Mexiko: Jagd auf Emos fordert Verletzte
Im mexikanischen Querétaro haben sich Heavy Metal-, Skate Punk- und Rock-Fans zusammengeschlossen, um Jagd auf Emos zu machen. Das Ergebnis sind vier Verletzte und 28 Verhaftete.
(laut.de, 13.03.2008)
Wieso provoziert eine Jugendkultur, die sich laut Wikipedia „durch das stärkere Betonen von Gefühlen wie Verzweiflung und Trauer sowie durch die Beschäftigung mit persönlichen Themen wie Liebe und Freundschaft auszeichnet,“ also selbst gar nicht provokativ ist? Weil sie sich gerade damit von fast allen vorherigen Jugendkulturen unterscheidet. „Emo“ ist im Grunde nur der nächste Schritt innerhalb der modernen Jugendkultur. Sie übernimmt je nach individuellem Geschmack prägende Elemente aus Punk/Elektro/Grufti/Grunge/Hippie-Tradition und verbindet diese mit aktueller Poppmusik und Produkten, welche zur eigenen Gruppenidentifikation herangezogen werden. „Emo“ selbst greift damit dem voraus, was seinen Vorgängern noch als von Außen übergestülpt erschien.
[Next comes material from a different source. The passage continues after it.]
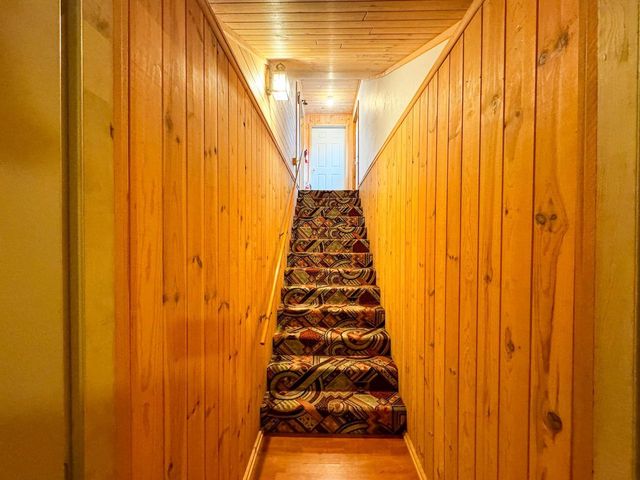 N9960 MEADOWLARK LANE, Crivitz, WI 54114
Während jene Subkulturen meist als utopischer Gegenentwurf zur westlich-kapitalistischen Leitkultur konzipiert waren und dann allmählich durch den Markt angenommen, angepasst — vermarktet — wurden, zeichnet sich „Emo“ durch die Utopie direkt innerhalb des Marktes aus. Zuerst kam die Vermarktung, dann die Massenbewegung. Dementsprechend gilt „Emo“ auch mehr als Kleidungsstil, denn als Musikrichtung.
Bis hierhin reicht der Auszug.